_Task instructions_
Please output only the lines that begin at the line with "molecular formula C20H30N4O3" and run through the end of the entries below, exactly as written. Drop all pictures.

——

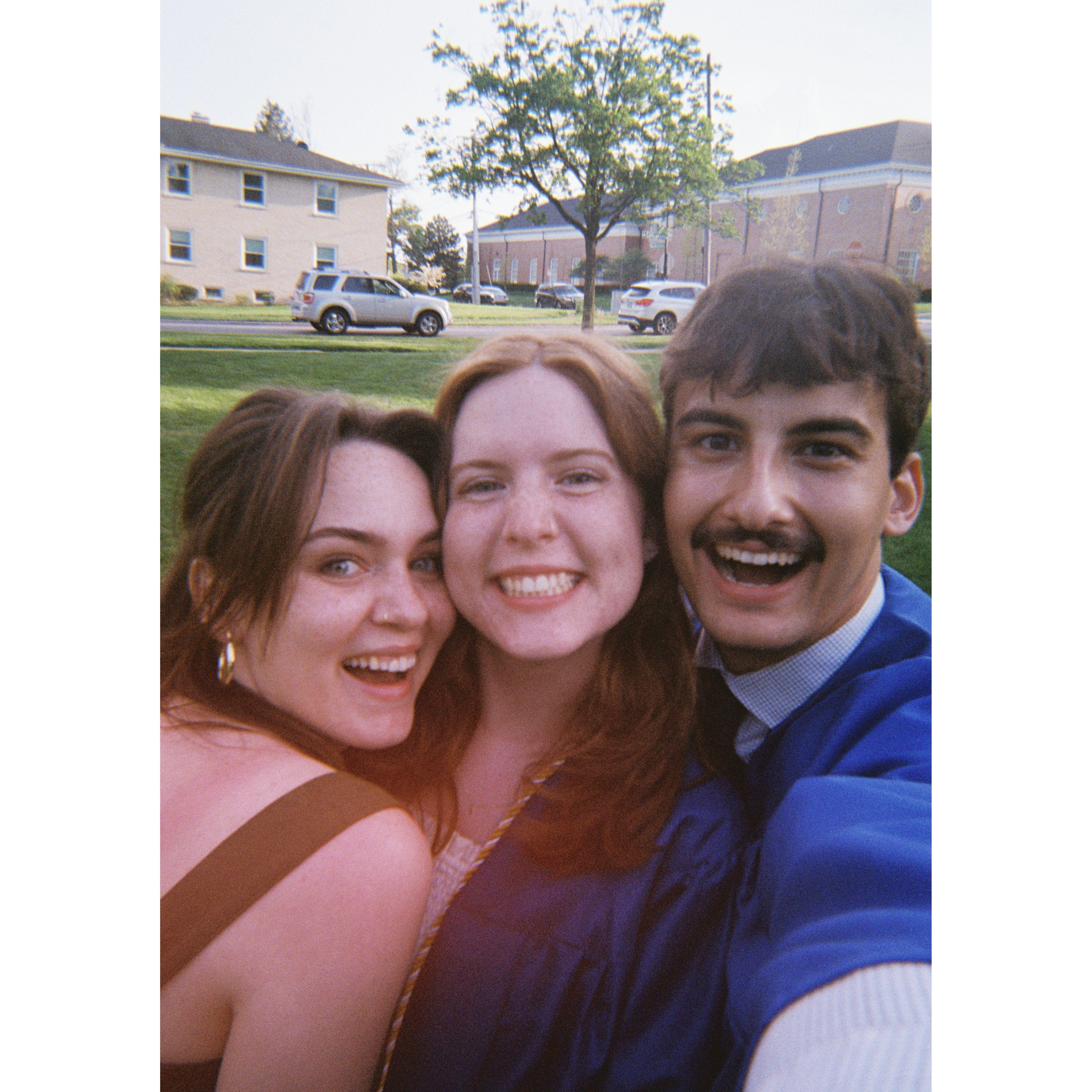 Celebrating graduating from Wheaton College with Annalise's older sister, Cait.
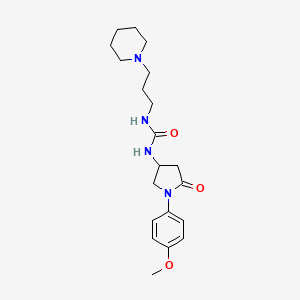 molecular formula C20H30N4O3 B2967459 1-(1-(4-甲氧基苯基)-5-氧代吡咯烷-3-基)-3-(3-(哌啶-1-基)丙基)脲 CAS No. 894033-57-9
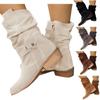 Vintage Boots Short Boots  Thick High Heel Middle Boots Women's Boots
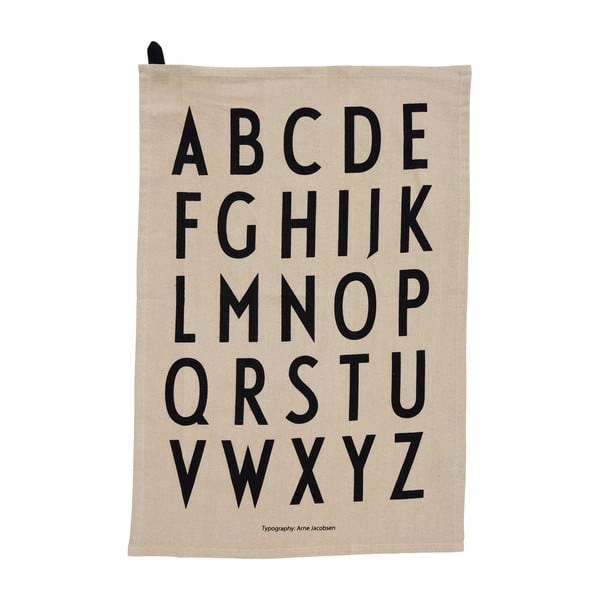 Prosop din bumbac Design Letters Alphabet, 40 x 60 cm, bej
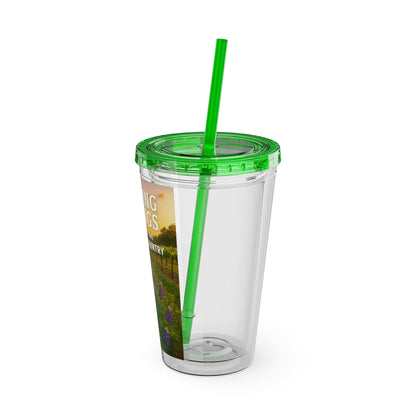 Hill Country Sunsplash Tumbler with Straw, 16oz - Perfect for Walks, Workouts, Gifts & School, Customizable Design for Everyone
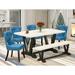 Red Barrel Studio® 6 - Person Acacia Solid Wood Dining Set Wood/Upholstered in White | 30" H x 60" L x 36" W | Wayfair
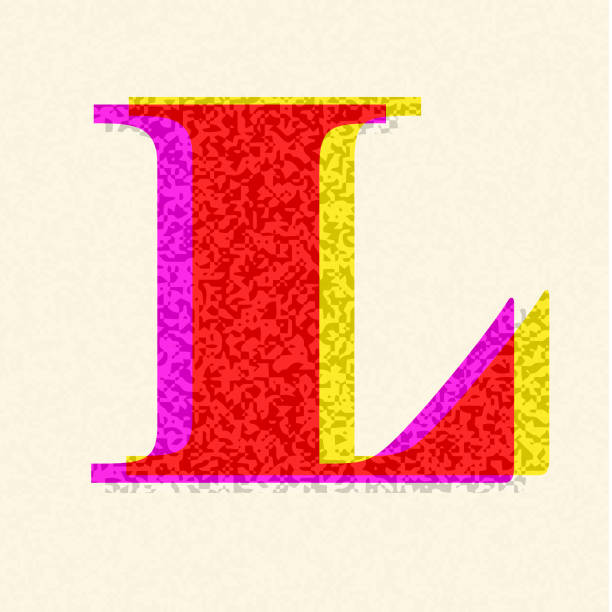 istock Retro riso print style screen printing Letter L font design alphabet very textured style 2148069664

——

_Answer to this exercise_
 molecular formula C20H30N4O3 B2967459 1-(1-(4-甲氧基苯基)-5-氧代吡咯烷-3-基)-3-(3-(哌啶-1-基)丙基)脲 CAS No. 894033-57-9
 Vintage Boots Short Boots  Thick High Heel Middle Boots Women's Boots
 Prosop din bumbac Design Letters Alphabet, 40 x 60 cm, bej
 Hill Country Sunsplash Tumbler with Straw, 16oz - Perfect for Walks, Workouts, Gifts & School, Customizable Design for Everyone
 Red Barrel Studio® 6 - Person Acacia Solid Wood Dining Set Wood/Upholstered in White | 30" H x 60" L x 36" W | Wayfair
 istock Retro riso print style screen printing Letter L font design alphabet very textured style 2148069664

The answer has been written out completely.